PROBLEM DESCRIPTION
Write out word for word the lines from the one holding "Four pairs of" through the end of the data, and only those lines. Pictures stay out.
(Beginning of GIVEN ENTRIES)
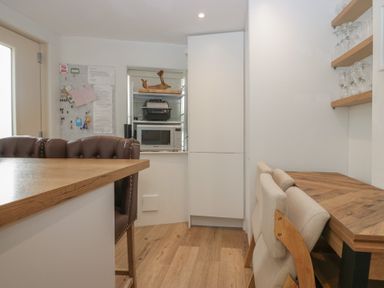 A kitchen with a table and chairs at Park View in Ambleside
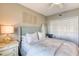 Bedroom showcasing a bed, bedside table, wardrobe, and stylish wall decor at 5300 S Atlantic Ave # 8-404, New Smyrna Beach, FL 32169
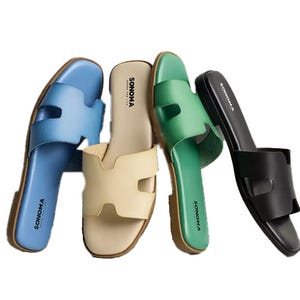 Four pairs of Sonoma slide sandals in blue, beige, green, and black with a simple design featuring an open toe and a band with cutout detail.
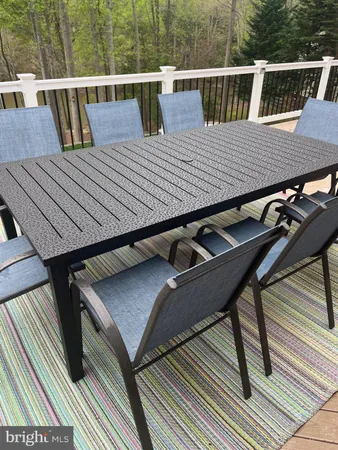 a balcony with wooden floor outdoor seating and yard in the back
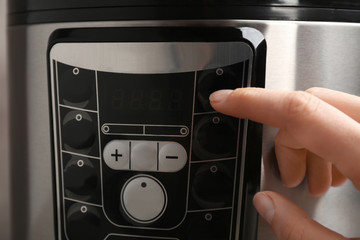 Woman turning on modern electric multi cooker, closeup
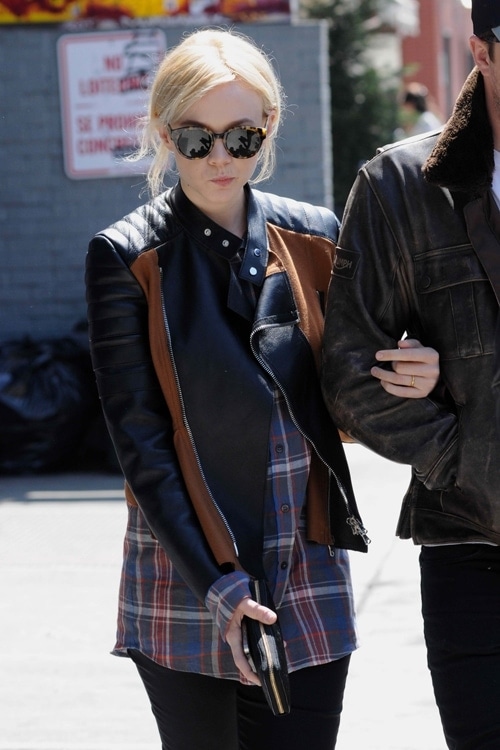 Carey Mulligan pairs a chic black leather jacket featuring brown trim with a plaid button-down top and black jeans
(End of GIVEN ENTRIES)
SOLUTION FOR THIS TASK
 Four pairs of Sonoma slide sandals in blue, beige, green, and black with a simple design featuring an open toe and a band with cutout detail.
 a balcony with wooden floor outdoor seating and yard in the back
 Woman turning on modern electric multi cooker, closeup
 Carey Mulligan pairs a chic black leather jacket featuring brown trim with a plaid button-down top and black jeans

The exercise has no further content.